4-Muhbir, ihbarından vazgeçmemelidir. Muhbir, daha sonra ihbardan vazgeçerse ve/veya şaka yaptım gibi lakayt bir şekilde ihbarını sulandırırsa o kişiye ödeme yapılmaz.

5-Her vergi, ihbar ikramiyesine konu değildir. İhbar ikramiyesine konu vergiler devamlı vergilerdirÖrneğin gelir, kurumlar, katma değer, damga, gider ve veraset ve intikal vergisi gibi devamlılık arz eden vergiler ihbar ikramiyesinin konusuna girer. O yüzden özellikle bir defaya mahsus çıkarılan vergiler ihbar ikramiyesinin konusuna girmez. Buna göre geçici vergi, 2464 sayılı Belediye Gelirleri Kanunu kapsamındaki gelirler, Gümrük vergisi, Gümrük İdareleri tarafından alınan vergi ve resimler gibi alacaklar üzerinden ikramiye ödenmez.

6-İhbar edilen hususla, tespit edilen vergi kaçağı arasında bir illiyet bağı olmalıdır. Muhbir, bir kişi hakkında vergi kaçakçılığı yaptığına ilişkin bir ihbarda bulunup onu delillerle desteklemediği sürece bu ihbar için kendisine herhangi bir ödeme yapılmaz ve yapılmamalı da. Örneğin muhbir, bir dilekçeyle vergi idaresine başvurup şu şirket vergi kaçırıyor dedikten sonra bunu nasıl, hangi yollarla ve belge gibi somut bir delil sunmadığı sürece olası bir inceleme sonucunda o ihbarı doğru çıksa dahi o kişiye ikramiye verilmez. O nedenle verilecek ikramiye ihbar edilen ve delillerle desteklenen ihbarla sınırlıdır. Örneğin sadece satış fişi vermedi diye bir ihbar sonucunda o şirketin esasında sahte belge de düzenlediği tespit edilir ve şirkete yüklü bir ceza kesilmesi durumunda muhbirin şikayetiyle bu yeni durumun bir ilgisi olmaması nedeniyle ikramiye ödenmeyecektir.

Özetle yapılan ihbar üzerine yapılan inceleme ve/veya vergi idaresinin tarhiyat işlemleri sonucunda bulunan vergi kayıp ve kaçağıyla ihbar dilekçesinde iddia edilen hususlar arasında bir illiyet bağı bulunmalı ve dolayısıyla da yapılan tarh ve kesilen cezalar muhbirin dilekçesiyle birlikte verdiği somut delillere dayalı olarak tespit edilmiş olmalıdır.
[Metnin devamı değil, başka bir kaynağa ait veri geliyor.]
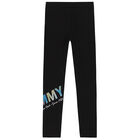 Girls Black Logo Leggings, 1, hi-res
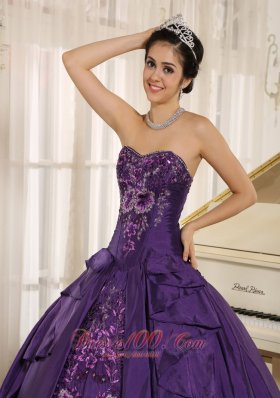 Eggplant Purple Sweetheart Taffeta Embroidery Quinceanera Dress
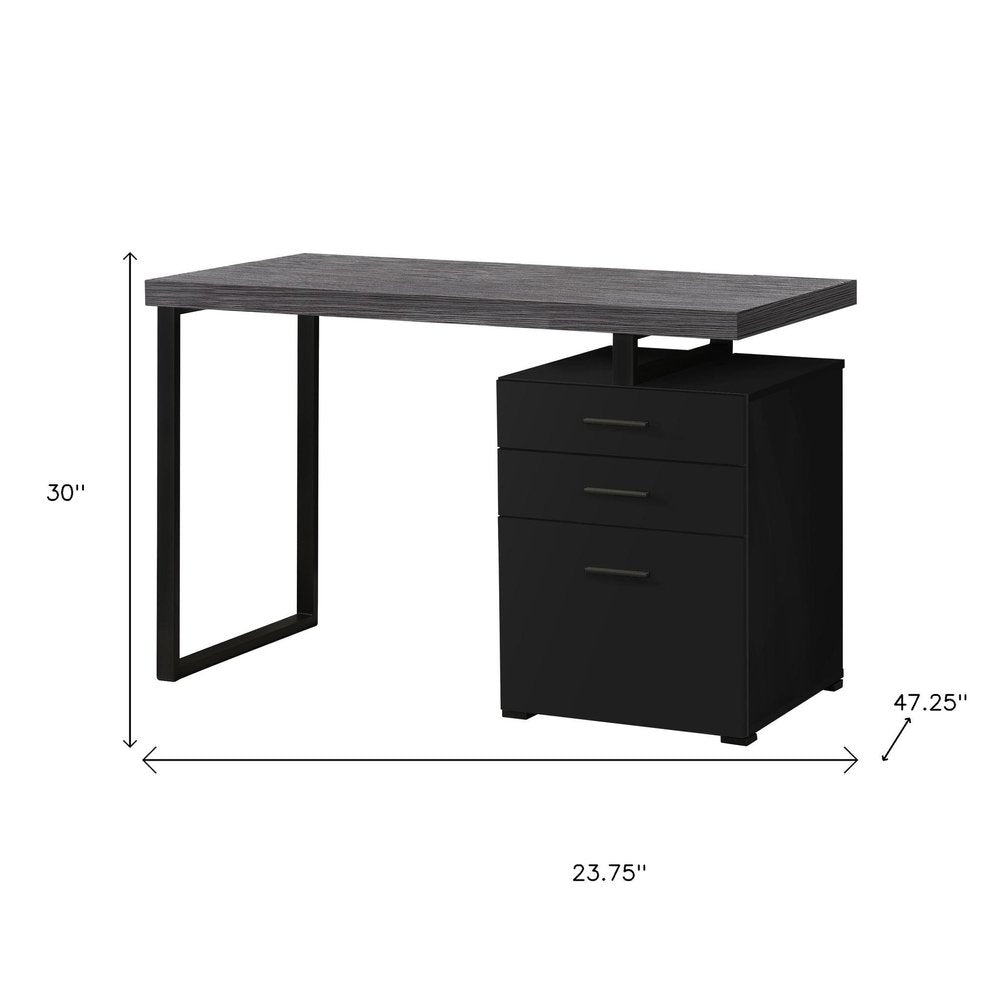 24" Gray and Silver Computer Desk With Three Drawers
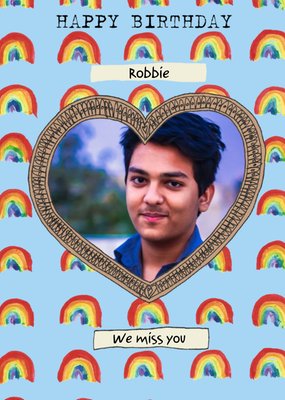 Rainbow Pattern Photo Upload Birthday Card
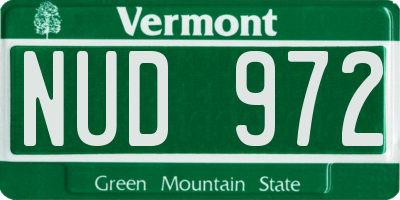 VT license plate NUD972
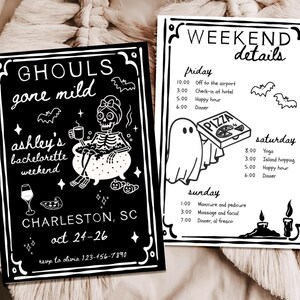 Halloween Bachelorette Invitation: Ghouls Gone Mild Itinerary (Canva Template Digital Download)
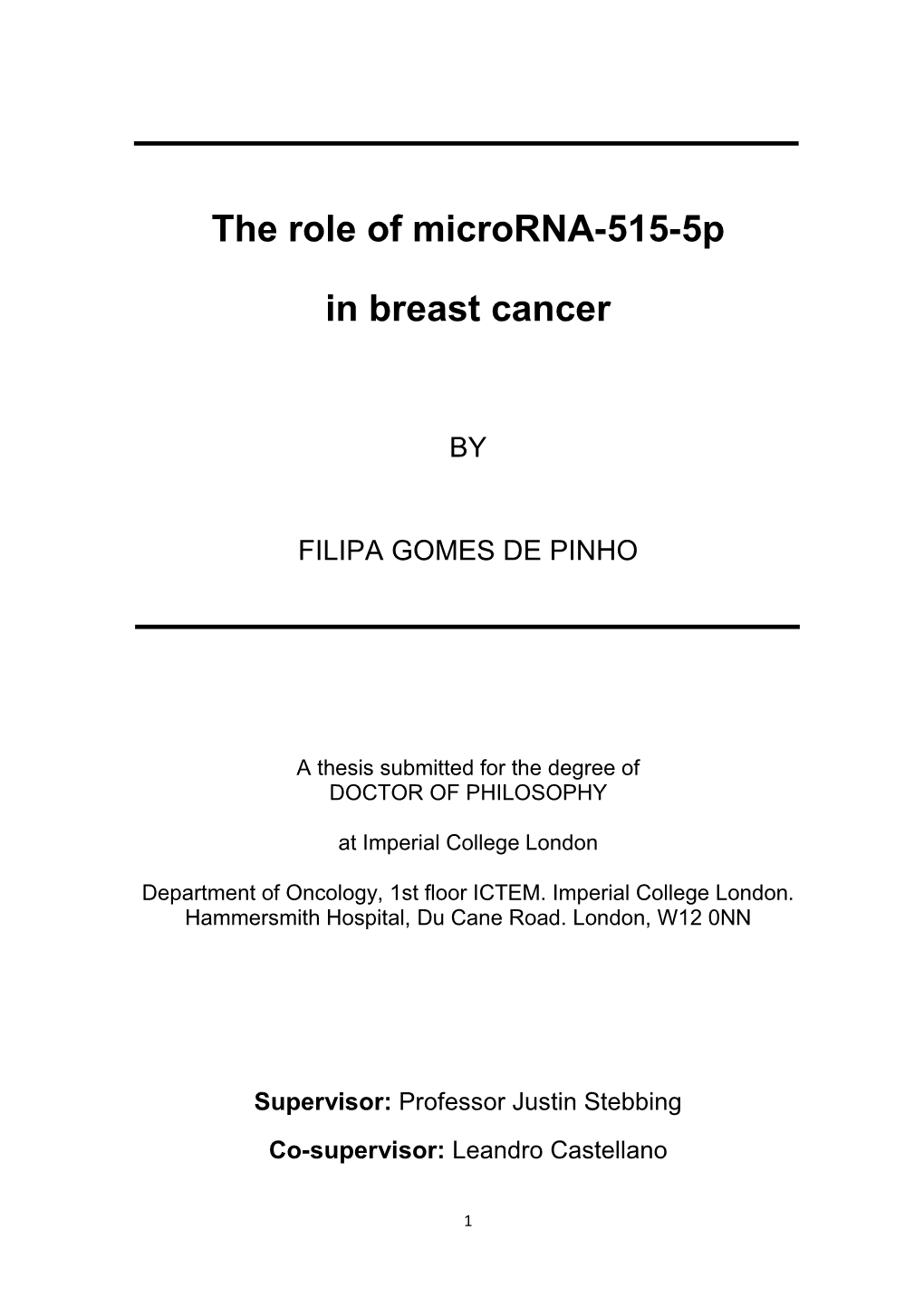 The Role of Microrna-515-5P in Breast Cancer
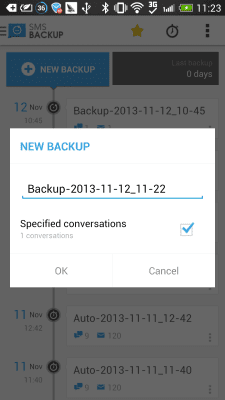 Capture d'écran de l'application SMS Backup & Restore (Kitkat) - #2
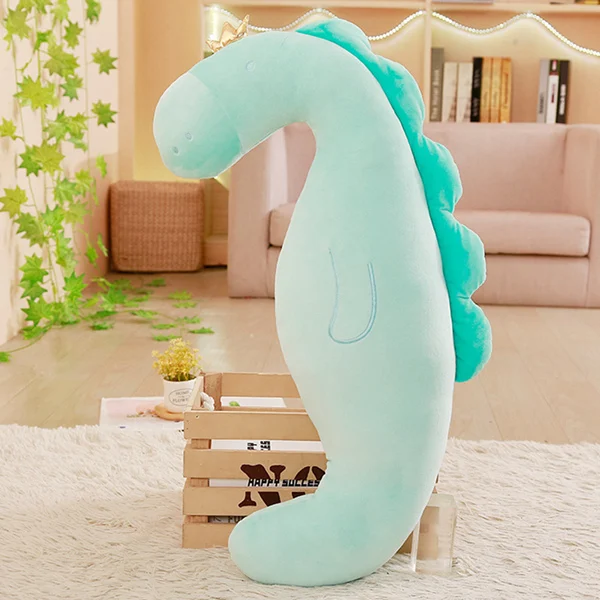 85/100cm Cute Sleeping Pillow Cartoon Plush Pillow Soft Pregnant Woman Pillow Animal Stuffed Back Support Cushion Flamingo Dolls - Цвет: Зеленый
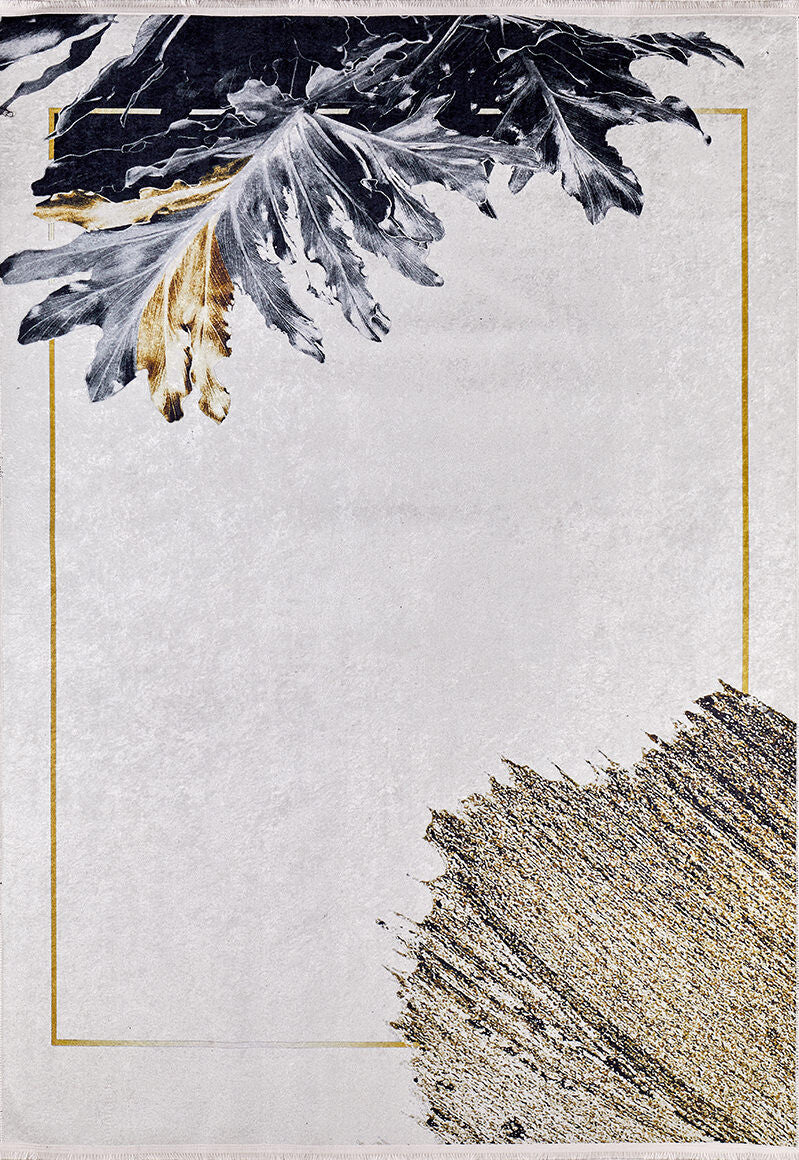 The Funky Floral Frenzy - Machine-Washable Rug JR1376 features dark, textured leaves and brushstroke accents on a light gray background with a gold border—ideal cream and beige inspiration for high-traffic areas. Custom sizes available.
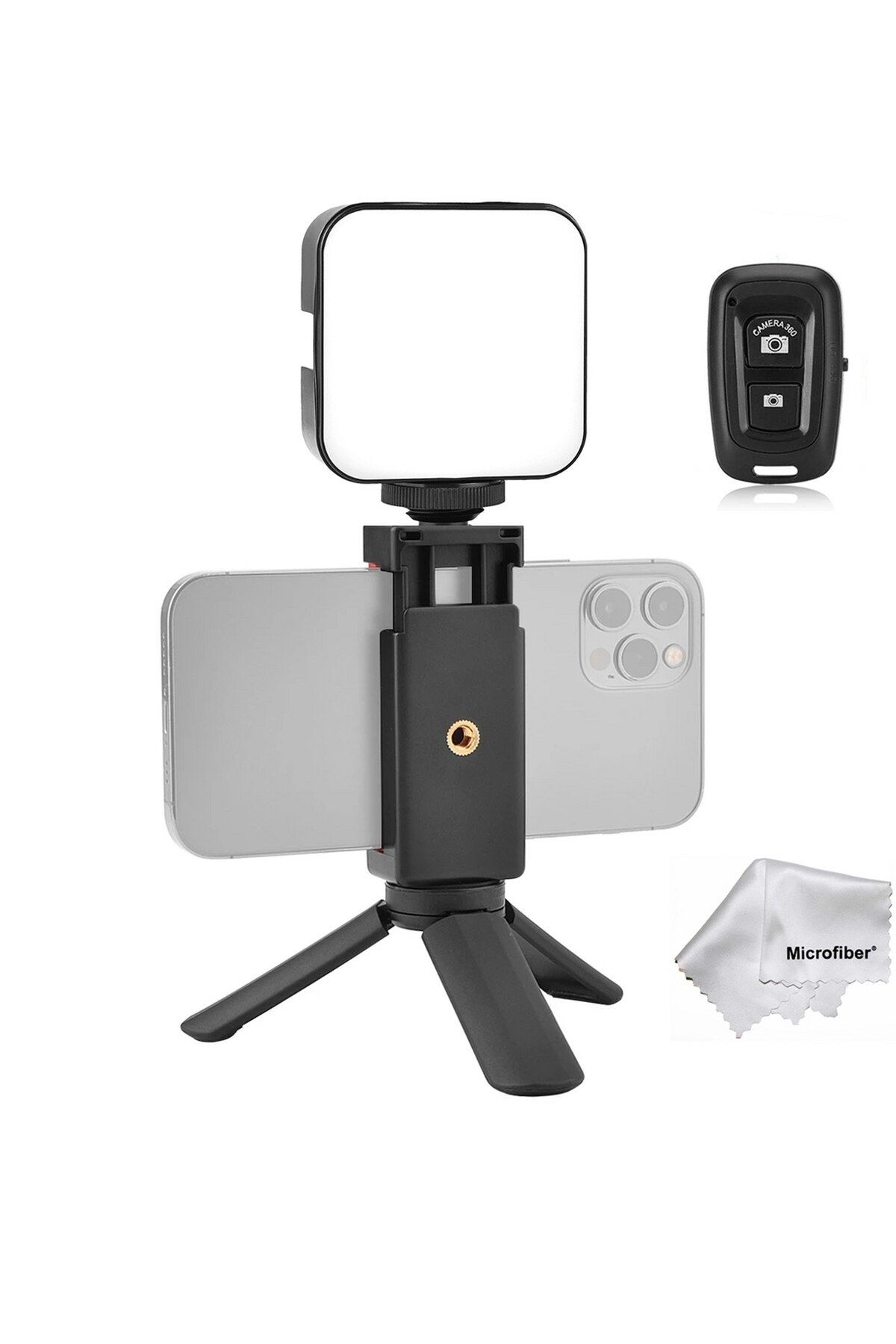 AZT Tüm Cep Telefonları için Puluz PU529B 64 Led Light Işık , Mini Tripod , Kumanda Iphone Samsung vb.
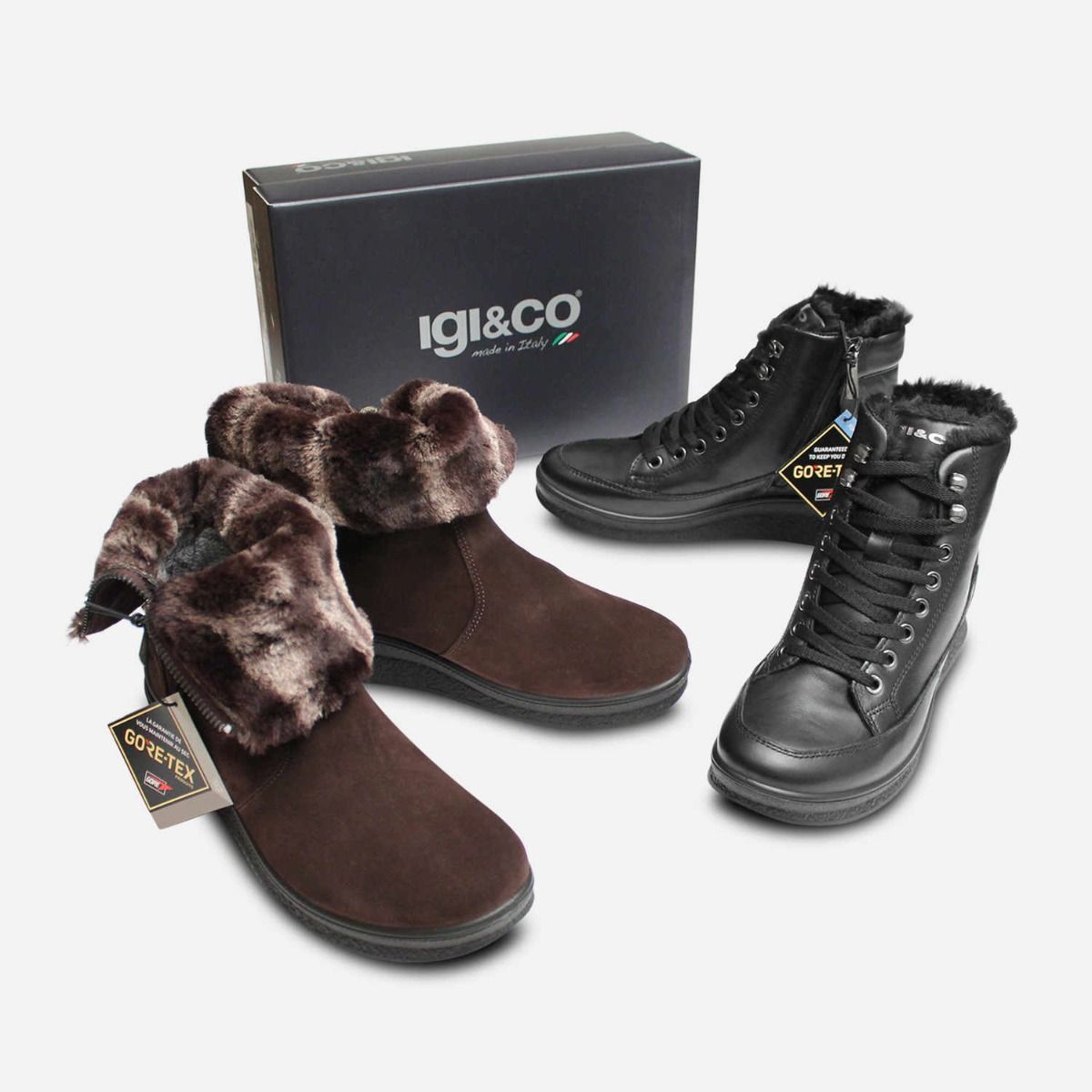 Brown Suede Waterproof Gore Tex Womens Fur Zip Boot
Aksi durumda ikramiye verilemez.

7-Geriye yönelik 5 yıllık süre içindeki işlemler ihbar edilebilir. İkramiye alınabilmesi için geriye doğru 5 yıl içinde oluşmuş vergi kayıp kaçağına neden olmuş işlemler ihbar edilebilir. Örneğin bugün itibariyle 2017 yılındaki bir işlemin ihbar edilmesi sonucunda bulunacak kayıp ve kaçağın tahakkuk/tahsil zamanaşımına uğramış olma ihtimali nedeniyle ikramiyeye konu olması pek mümkün olmayacaktır.

8-İhbar edilenle alakalı daha önce bir vergi incelemesine başlanılmamış olmalıdır. İhbar edilen konuyla alakalı vergi idaresi daha önce bir vergi incelemesine başlamışsa o zaman ihbarınız boşa düşecek ve ikramiye alamayacaksınız. 

Aynı konuyu birden fazla kişi ihbar etmişse hepsine mi ikramiye verilecek?

Aynı konuyu birden fazla kişi ihbar etmişse ilk ihbar edene ikramiye ödenir. Yani aynı konuda birden fazla ihbar yapılmışsa bu ihbarların tarihlerine bakılır ve ilk ihbarı yapana ikramiye ödenir. Diğer muhbir maalesef bu ikramiyeden mahrum kalacaktır. İlk muhbir olduğunuz nasıl tespit edilecek sorusuna ise cevap olarak resmi kayıtlara geçiş tarihi olacaktır. Hatta aynı gün aynı konuda birden fazla ihbar varsa saat önceliğine bakılacaktır.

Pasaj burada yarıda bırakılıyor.